Start of Record excerpts

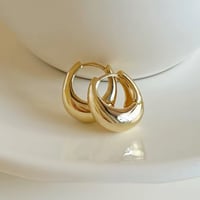 Glossy Gold Drop Hoop pierce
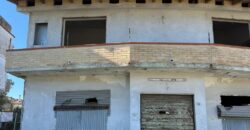 VILLA SINGOLA DA RISTUTTURARE Baia Verde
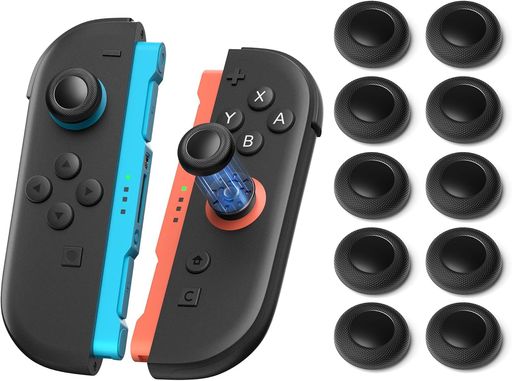 Switch 2 スティックカバーは、アナログスティック部分をホコリ・汗・日常使用による摩耗から保護する交換用アクセサリー。コントローラーをきれいに使用したい方におすすめです。 表面の細かな凹凸デザインが指との接触をサポートするジョイスティックカバー。ゲーム中の指滑りを軽減し、快適な操作をサポートします。 工具不要で取り付けできる交換用キャップ。柔軟な素材でスティック部分に装着しやすく、気軽にカスタマイズできます。 複数個入りのSwitch 2 スティックカバーセット。予備として保管したり、使用状況に合わせて交換したりできる便利な数量です。 防塵・防汗対策にも役立つコントローラー保護アイテム。自宅ゲーム、オンラインプレイ、ゲーム大会など幅広いシーンで使用できます。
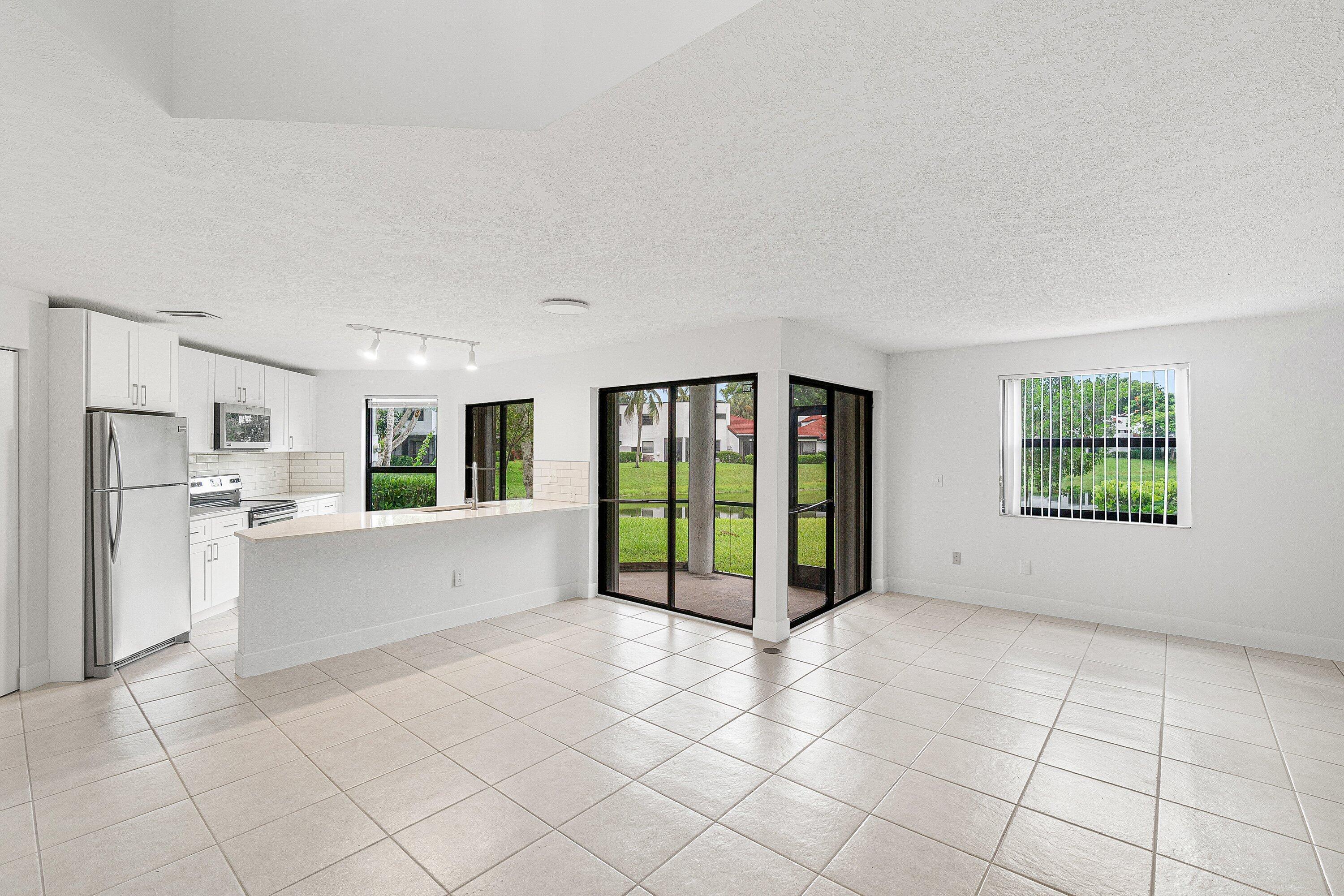 439 NW 36TH Avenue, Deerfield Beach, FL 33442, Deerfield Beach - Photo 5
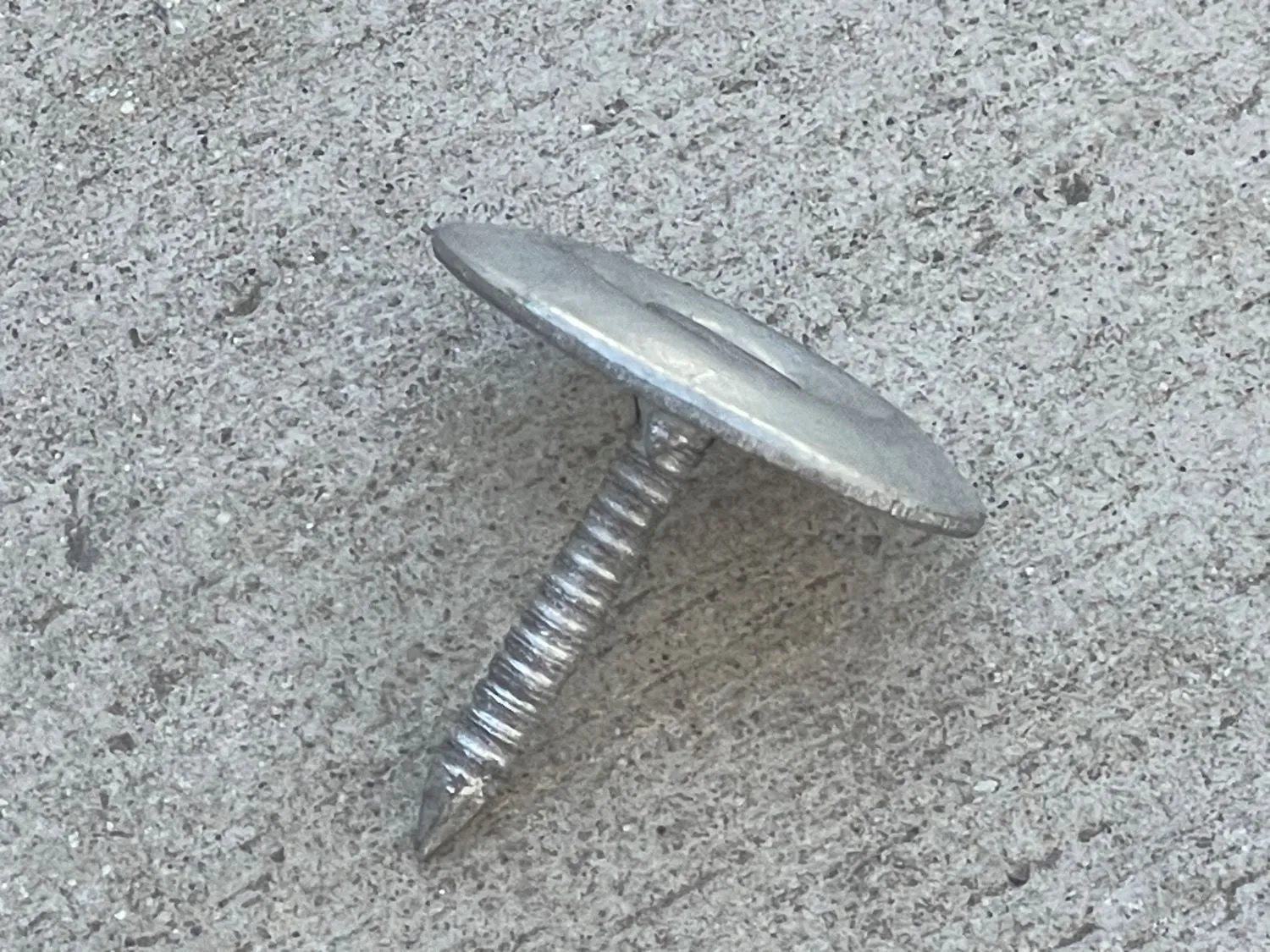 1" Metal Cap Fluted Masonry Nails - Galvanized (appx. 75 nails / lb)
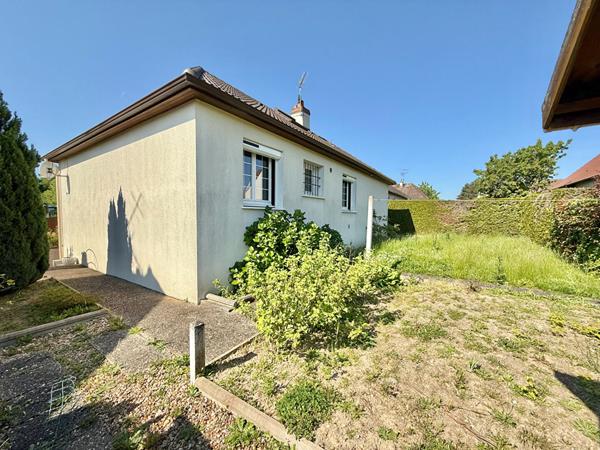 Maison avec sous-sol , situé à Saint Jean De Braye, 6 pièces, surface au sol 130m².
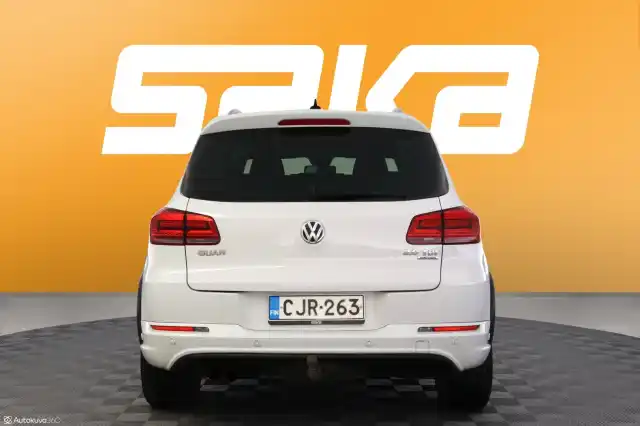 Valkoinen Maastoauto, Volkswagen Tiguan – CJR-263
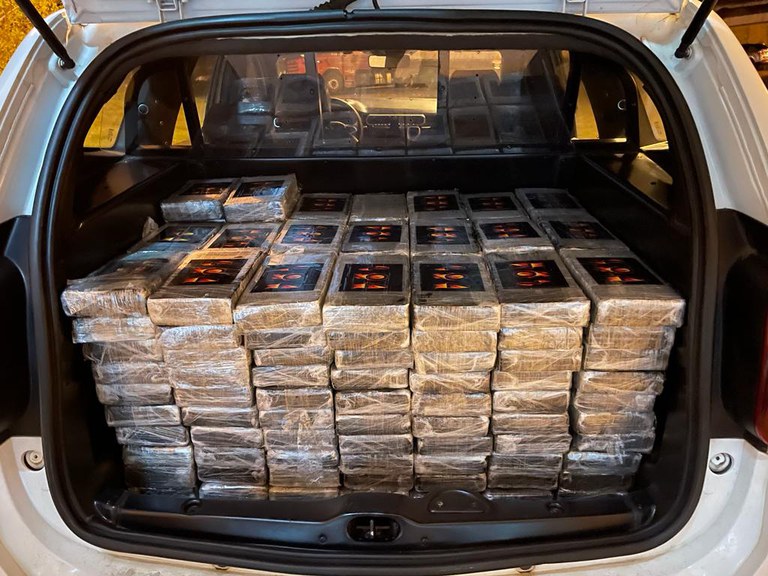 Motorista é preso ao transportar 230 kg de drogas em fundo falso de trailer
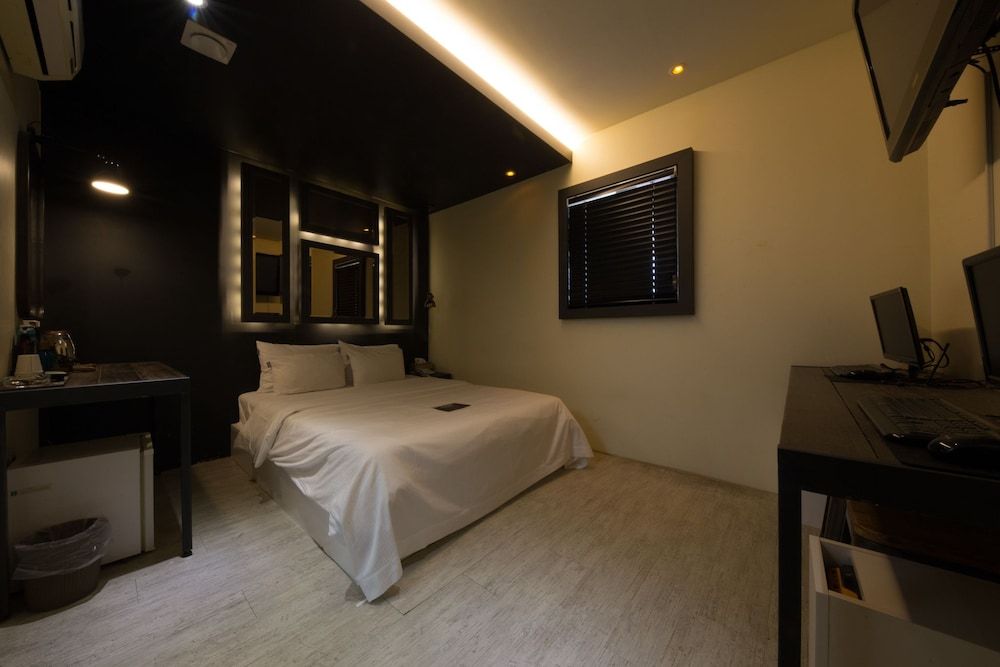 undefined Achasan Station Wall Hotel 4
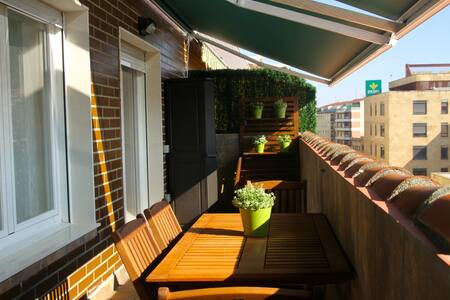 A/C, SPECTACULAR VIEW, central&charming penthouse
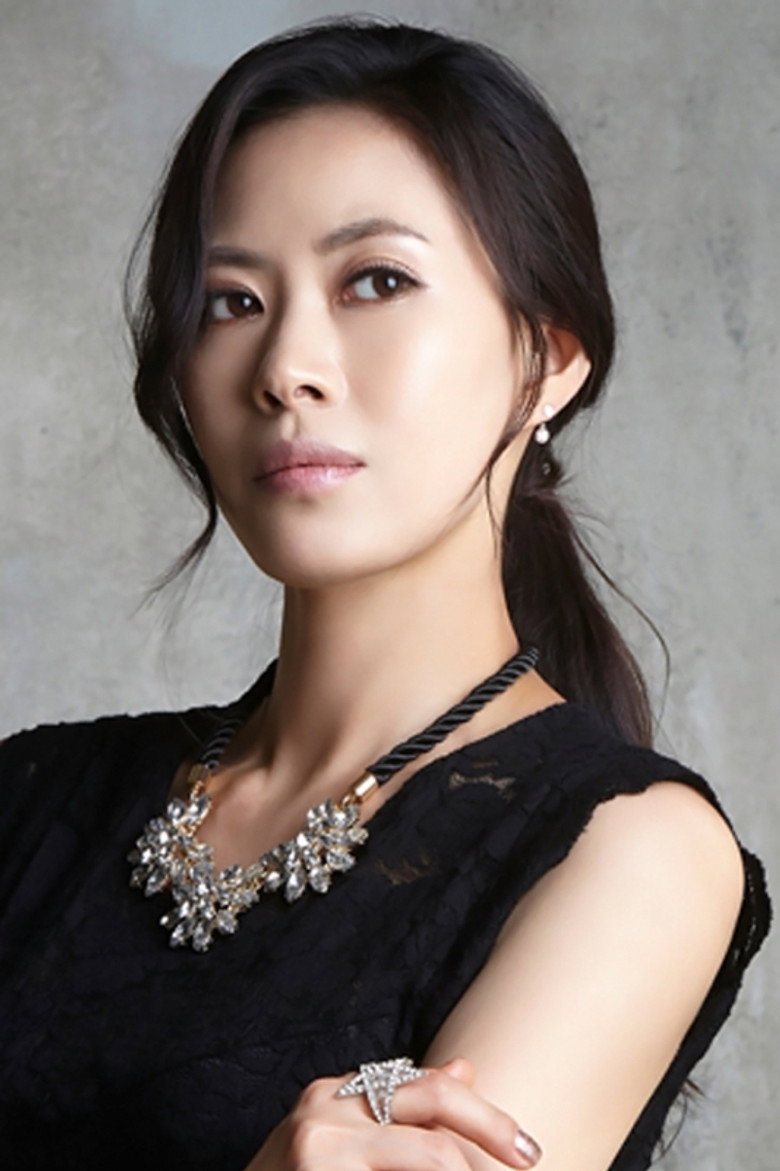Yoo Chae-young photo 2
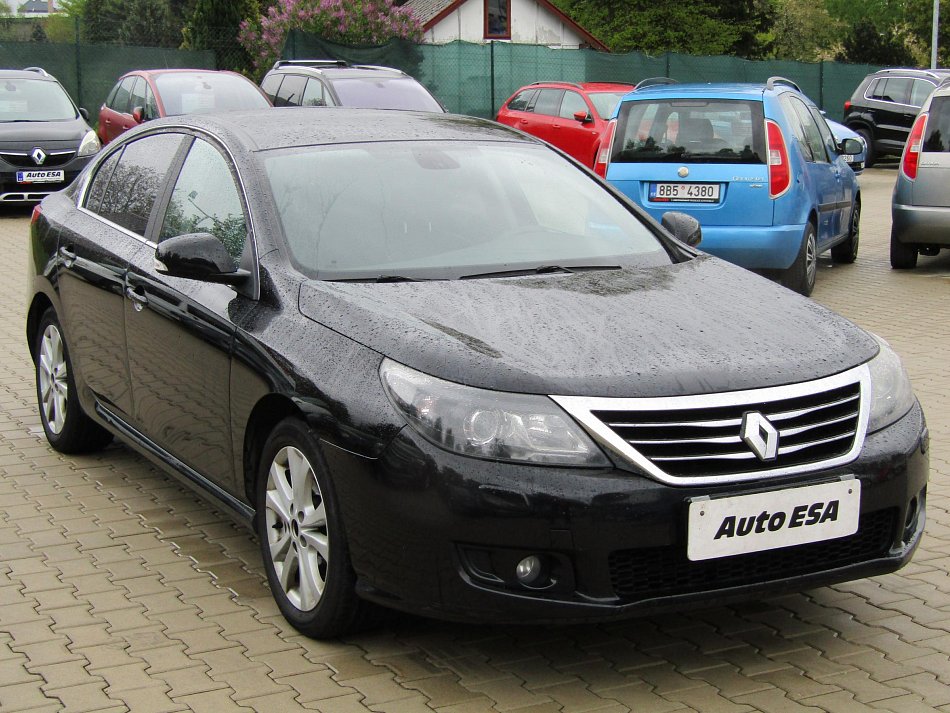 Renault Latitude 2.0DCi 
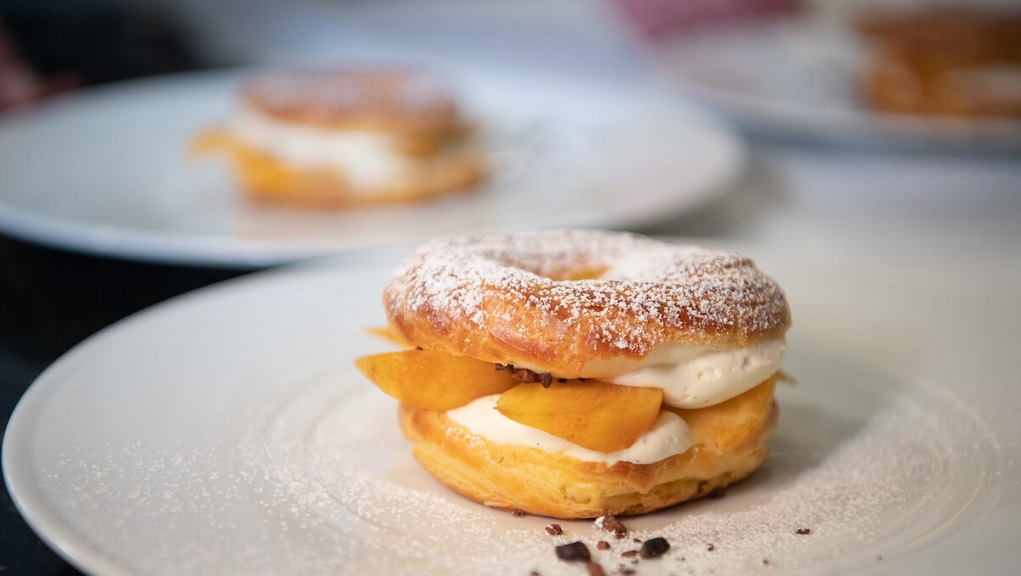 powdered sandwich dessert with cream filling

End of Record excerpts

* **Requirement**: Before answering, please find the line containing "Motorista é preso" above, then copy exactly from it through the last line of the entries, both included, without pictures.

* **Exercise answer**:
 Motorista é preso ao transportar 230 kg de drogas em fundo falso de trailer
 undefined Achasan Station Wall Hotel 4
 A/C, SPECTACULAR VIEW, central&charming penthouse
Yoo Chae-young photo 2
 Renault Latitude 2.0DCi 
 powdered sandwich dessert with cream filling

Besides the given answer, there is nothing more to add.